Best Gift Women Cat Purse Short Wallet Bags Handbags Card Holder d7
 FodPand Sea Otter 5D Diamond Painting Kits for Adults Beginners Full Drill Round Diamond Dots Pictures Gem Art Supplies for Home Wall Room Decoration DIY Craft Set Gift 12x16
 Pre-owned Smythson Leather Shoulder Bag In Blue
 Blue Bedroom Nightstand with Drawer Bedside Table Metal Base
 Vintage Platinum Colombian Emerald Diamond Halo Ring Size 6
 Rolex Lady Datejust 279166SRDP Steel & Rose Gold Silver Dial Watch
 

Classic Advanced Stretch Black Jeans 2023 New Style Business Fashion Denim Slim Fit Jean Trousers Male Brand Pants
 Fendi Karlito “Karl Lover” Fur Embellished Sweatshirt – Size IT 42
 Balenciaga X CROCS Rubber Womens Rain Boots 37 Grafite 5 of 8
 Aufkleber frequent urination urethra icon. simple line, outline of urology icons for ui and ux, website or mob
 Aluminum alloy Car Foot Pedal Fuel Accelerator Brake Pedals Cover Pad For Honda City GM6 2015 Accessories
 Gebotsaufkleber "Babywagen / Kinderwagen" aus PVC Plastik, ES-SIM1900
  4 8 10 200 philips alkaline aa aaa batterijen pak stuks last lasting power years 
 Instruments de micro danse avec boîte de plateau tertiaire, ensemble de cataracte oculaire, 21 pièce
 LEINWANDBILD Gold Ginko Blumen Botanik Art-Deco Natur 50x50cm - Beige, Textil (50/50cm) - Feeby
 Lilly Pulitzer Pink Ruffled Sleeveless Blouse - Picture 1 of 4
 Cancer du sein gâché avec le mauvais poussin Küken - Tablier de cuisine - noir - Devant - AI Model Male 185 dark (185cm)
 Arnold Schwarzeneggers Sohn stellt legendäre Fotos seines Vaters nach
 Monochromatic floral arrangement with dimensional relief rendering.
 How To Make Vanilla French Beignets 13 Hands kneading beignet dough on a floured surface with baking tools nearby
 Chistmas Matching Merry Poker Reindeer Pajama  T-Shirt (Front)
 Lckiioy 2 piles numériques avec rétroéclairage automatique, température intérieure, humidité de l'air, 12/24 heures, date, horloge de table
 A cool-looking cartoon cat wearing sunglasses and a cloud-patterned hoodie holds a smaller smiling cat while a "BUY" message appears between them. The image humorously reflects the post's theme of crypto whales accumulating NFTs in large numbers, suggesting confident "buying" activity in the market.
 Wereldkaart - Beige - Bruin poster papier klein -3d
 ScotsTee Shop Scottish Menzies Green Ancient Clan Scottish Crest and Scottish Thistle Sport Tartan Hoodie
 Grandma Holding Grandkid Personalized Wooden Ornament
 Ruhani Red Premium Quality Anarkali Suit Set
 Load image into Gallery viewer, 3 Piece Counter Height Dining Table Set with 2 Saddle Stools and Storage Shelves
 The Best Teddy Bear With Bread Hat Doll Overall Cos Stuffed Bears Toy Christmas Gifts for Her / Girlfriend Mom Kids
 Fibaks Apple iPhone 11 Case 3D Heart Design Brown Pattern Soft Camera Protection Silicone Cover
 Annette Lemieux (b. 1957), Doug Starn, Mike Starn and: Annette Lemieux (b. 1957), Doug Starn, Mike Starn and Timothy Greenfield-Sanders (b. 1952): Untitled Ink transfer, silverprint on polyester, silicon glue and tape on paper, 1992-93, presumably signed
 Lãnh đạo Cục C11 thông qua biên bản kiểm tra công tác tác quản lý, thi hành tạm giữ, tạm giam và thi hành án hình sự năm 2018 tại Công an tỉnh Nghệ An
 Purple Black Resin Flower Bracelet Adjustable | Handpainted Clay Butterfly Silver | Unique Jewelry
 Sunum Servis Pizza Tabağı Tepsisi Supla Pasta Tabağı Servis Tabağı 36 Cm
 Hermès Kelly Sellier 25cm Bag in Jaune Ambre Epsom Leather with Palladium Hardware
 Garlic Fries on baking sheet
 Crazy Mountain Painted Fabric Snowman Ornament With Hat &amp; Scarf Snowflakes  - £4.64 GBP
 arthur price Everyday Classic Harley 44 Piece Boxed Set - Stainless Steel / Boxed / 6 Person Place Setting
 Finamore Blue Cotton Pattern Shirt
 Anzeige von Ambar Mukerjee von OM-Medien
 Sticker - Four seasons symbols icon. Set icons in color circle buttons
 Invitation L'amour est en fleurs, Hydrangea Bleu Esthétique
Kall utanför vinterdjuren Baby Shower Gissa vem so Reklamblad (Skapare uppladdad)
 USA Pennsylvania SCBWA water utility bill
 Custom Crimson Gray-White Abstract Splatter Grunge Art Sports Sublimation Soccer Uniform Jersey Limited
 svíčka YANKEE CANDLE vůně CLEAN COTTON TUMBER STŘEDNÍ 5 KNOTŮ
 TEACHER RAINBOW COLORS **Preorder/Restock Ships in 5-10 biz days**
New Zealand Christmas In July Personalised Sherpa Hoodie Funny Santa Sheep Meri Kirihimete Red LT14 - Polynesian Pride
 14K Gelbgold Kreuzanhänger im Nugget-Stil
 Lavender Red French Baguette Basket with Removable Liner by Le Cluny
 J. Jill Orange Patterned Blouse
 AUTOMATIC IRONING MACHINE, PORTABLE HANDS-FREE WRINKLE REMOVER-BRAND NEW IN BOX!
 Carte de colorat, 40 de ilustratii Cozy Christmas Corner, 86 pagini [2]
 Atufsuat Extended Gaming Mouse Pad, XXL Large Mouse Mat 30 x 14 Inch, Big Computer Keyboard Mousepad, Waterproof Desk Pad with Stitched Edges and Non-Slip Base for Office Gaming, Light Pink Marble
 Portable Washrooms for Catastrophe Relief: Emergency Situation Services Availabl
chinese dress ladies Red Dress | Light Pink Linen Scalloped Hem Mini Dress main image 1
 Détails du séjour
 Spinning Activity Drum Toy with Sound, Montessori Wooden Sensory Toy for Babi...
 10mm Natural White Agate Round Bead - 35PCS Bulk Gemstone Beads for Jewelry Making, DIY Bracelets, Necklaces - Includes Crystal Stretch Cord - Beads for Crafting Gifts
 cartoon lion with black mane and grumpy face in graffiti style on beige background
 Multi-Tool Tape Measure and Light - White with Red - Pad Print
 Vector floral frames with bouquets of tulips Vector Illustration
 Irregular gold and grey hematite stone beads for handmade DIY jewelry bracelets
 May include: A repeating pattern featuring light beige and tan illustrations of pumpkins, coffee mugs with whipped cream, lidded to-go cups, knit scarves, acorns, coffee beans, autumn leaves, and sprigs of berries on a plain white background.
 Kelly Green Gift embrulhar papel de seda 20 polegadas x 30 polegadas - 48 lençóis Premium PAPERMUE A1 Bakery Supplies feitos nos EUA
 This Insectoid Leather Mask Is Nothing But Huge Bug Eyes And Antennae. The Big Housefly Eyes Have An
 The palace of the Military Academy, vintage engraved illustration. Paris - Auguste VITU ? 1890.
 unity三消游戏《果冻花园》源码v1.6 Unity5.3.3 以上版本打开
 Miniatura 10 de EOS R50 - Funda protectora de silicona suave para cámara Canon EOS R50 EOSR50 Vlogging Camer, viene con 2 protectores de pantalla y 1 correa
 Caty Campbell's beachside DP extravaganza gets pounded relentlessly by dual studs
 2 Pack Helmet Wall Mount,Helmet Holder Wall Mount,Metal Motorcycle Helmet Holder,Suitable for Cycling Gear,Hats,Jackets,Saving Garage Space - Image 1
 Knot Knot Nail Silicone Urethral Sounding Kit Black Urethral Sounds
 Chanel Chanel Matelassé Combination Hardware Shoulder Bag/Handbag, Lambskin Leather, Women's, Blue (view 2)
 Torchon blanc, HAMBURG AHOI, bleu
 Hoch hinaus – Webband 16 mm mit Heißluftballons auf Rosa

****

Please output the lines of the listing above that fall in the stretch from the one with "ScotsTee Shop Scottish" through the one with "Ruhani Red Premium Quality Anarkali Suit Set", exactly and only those.

■ RESPONSE BOX ■
 ScotsTee Shop Scottish Menzies Green Ancient Clan Scottish Crest and Scottish Thistle Sport Tartan Hoodie
 Grandma Holding Grandkid Personalized Wooden Ornament
 Ruhani Red Premium Quality Anarkali Suit Set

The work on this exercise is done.